A prática da justiça com as próprias mãos no Brasil

Enviada em 28/08/2020

Recém tirada a faixa dos olhos de um Bird Box, o mundo viu-se livre e desconstruído após o final da Guerra Fria e a queda do Muro de Berlim, em 1989. Contudo, despreparados para lidar com o final das faixas e dos muros, esse mundo vive atualmente problemas relacionados à prática de justiça com as próprias mãos. Nota-se que esse problema é fruto de um Estado fraco, assim como de uma eminente falta de questionamento da sociedade

É importante, primordialmente, ressaltar esse Estado fraco presente no Brasil contemporâneo. A promulgação da Constituição de 1988 trouxe a tona valores como a democracia e os direitos humanos à tona. Porém, nos dias atuais, esses valores vêm sido destorcidos. Sem ter aonde se apoiar, as leis dessa constituição vem perdendo seu valor diariamente, fazendo com que a sociedade crie o juízo de que apenas o Estado por si só não é o suficiente para proteger lhes proteger, dando margem para que “justiça com as próprias mãos” sejam cada dia mais recorrentes. Essa prática demonstra uma corrida ao caminho contrário a Magna carta, pois traz como consequência uma crescente de violência urbana em casos no qual o Estado não foi eficiente, como no caso do jovem em 2017 que teve sua testa tatuada a frase “sou ladrão e vacilão”, ato esse em resposta à tentativa de assalto do menor.

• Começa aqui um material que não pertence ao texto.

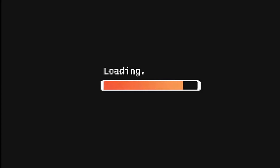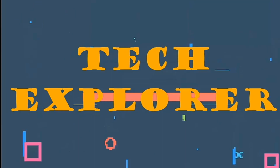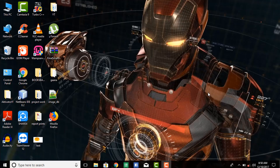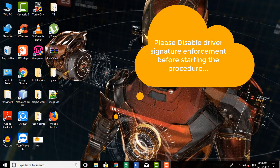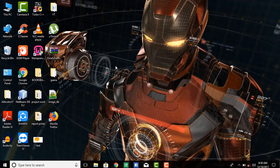First, download all the required driver files from the link given in the description. Before starting this procedure, disable the driver signature enforcement if you are using Windows 8, 8.1, or 10.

Paralelo a esse Estado incapaz de consolidar a ordem social, destaca-se essa falta de questionamento que circunda a atualidade nacional. Dirigidos por uma postura de banalização do mal, de Hannah Arendt, que diz que os indivíduos fazem o mal sem ao menos questionar a origem desse malefício, indivíduos, escondidos atrás dessa ideia de fazer justiça com as próprias mãos, usam do discurso de ódio para dar ênfase a esse fato social, como por exemplo o discurso que o presidente Jair Bolsonaro entoou durante sua campanha de eleição em 2018: “Bandido bom é bandido morto”. Essa prática retarda o combate ao discurso de ódio, pois traz como consequência uma legitimação do discurso de ódio como aceitável, já que a população estaria fazendo apenas justiça social ao repetir tais falas e ações.

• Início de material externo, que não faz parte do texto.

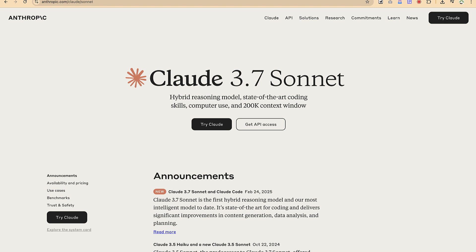Hello guys and welcome back to the channel. In this tutorial we're going to learn how to create infographics using a very simple AI tool which is Claude 3.7 Sonnet, which is very new and has the capability to generate different kinds of infographics. Depending on the type of content you are trying to create, you can generate a prompt to give to Claude 3.7 and it will help you generate the infographics.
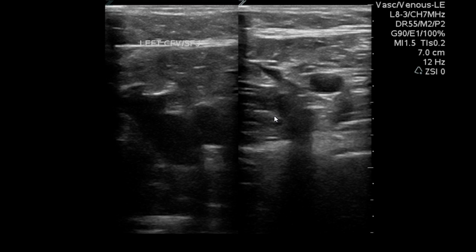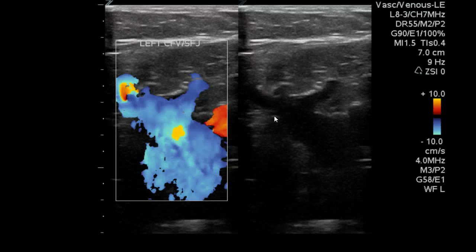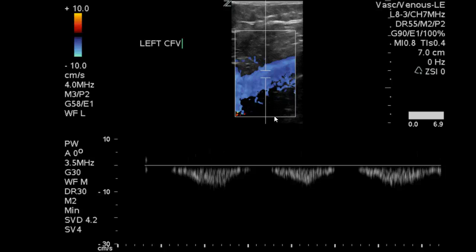As with any unilateral exam, the sonographer moves to the contralateral common femoral-sapheno-femoral junction to prove patency. We've taken a compression picture here with color to show patency and a spectral Doppler waveform.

Em suma, consta-se a necessidade de restabelecer o protagonismo do setor legislativo do Estado. Cabe à Câmara dos Deputados, em união com o Chefe de Estado (presidente) apresentar projetos de leis que entregue respostas objetivas e claras sobre delitos e como eles serão punidos. Essas respostas podem se dar pelo incremento de Projetos de Emendas Constitucionais (PEC’s) que facilitem a ação do Estado sobre o crime para que, desse modo, a população enxergue no Governo um órgão que lida de fato com a justiça social.